When you buy the product, you have to train it to learn your particular voice / speech pattern. There are many variations on how different people pronounce different words, and the program has to learn that sound X tends to mean one thing for person 1 and a different thing for person 2. So in a sense it’s both “voice” and “speech” recognition.

George Orwell called it a speakwrite in the novel Nineteen Eighty Four.

Speech recognition software does voice-to-text translation, determining what words were spoken.

Voice recognition software is used in biometric security applications for identifying the voice of a specific individual.

You train the software for your own voice only to reduce the number of recognition errors. The software cannot tell your voice from anyone elses, nor is it designed to.

Is voice recognition, as defined by TellMeI’mNotCrazy and InvisibleWombat actually used anywhere other than movies? I imagine that there would be much better ways to identify an individual than vocal patterns.

Yes. Do a little Googling (I recommend “biometric” and “voice” as search terms to get started) and you should be able to find some products. It’s real, and you can buy it now.

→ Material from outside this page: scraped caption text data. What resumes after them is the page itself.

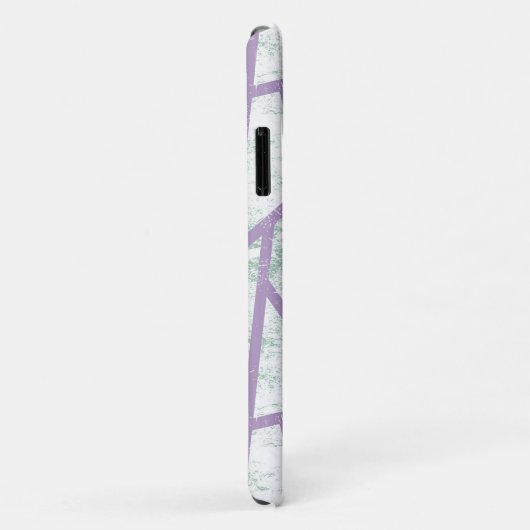 Lavendel und blassgrünes Mosaikmuster Case-Mate iPhone Hülle (Hinten/Rechts)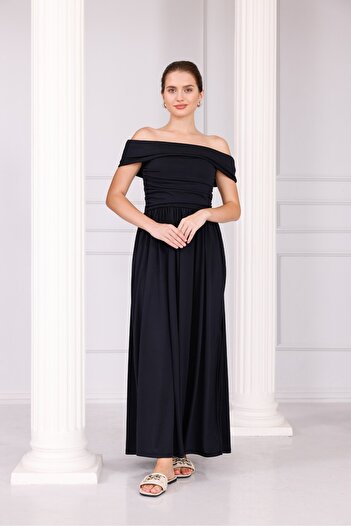 Pulli Collection Modal Fabric Off Shoulder Long Dress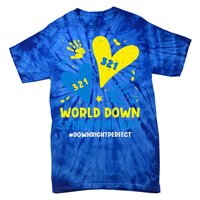 World Down Syndrome Day 321 Awareness Support Tie-Dye T-Shirt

Their brogue hamster sign two wreck a nice beach.

You confused yourself by mixing two terms, Speech Recognition and Voice Identification. The latter is for security, the first is for computer command and dictation.

No, I didn’t confuse myself at all, Arwin. Granted, I haven’t attended any biometrics conventions lately, but I did quite a bit of research into speech technology in the late 90’s and the term “Voice Recognition” was used extensively to refer to biometric security using voice prints. The term was used by companies in that field at their trade show booths, and in their printed literature.

Lately, a bunch of confused companies and individuals have begun using “voice recognition” and “speech recognition” synonymously. Since I did my work in that field a few years ago, perhaps people in the biometric security biz have coined a new phrase to keep the confusion down.

Fighting ignorance by giving in to it–a noble tradition in the spirit of DSL “modems.” Pah.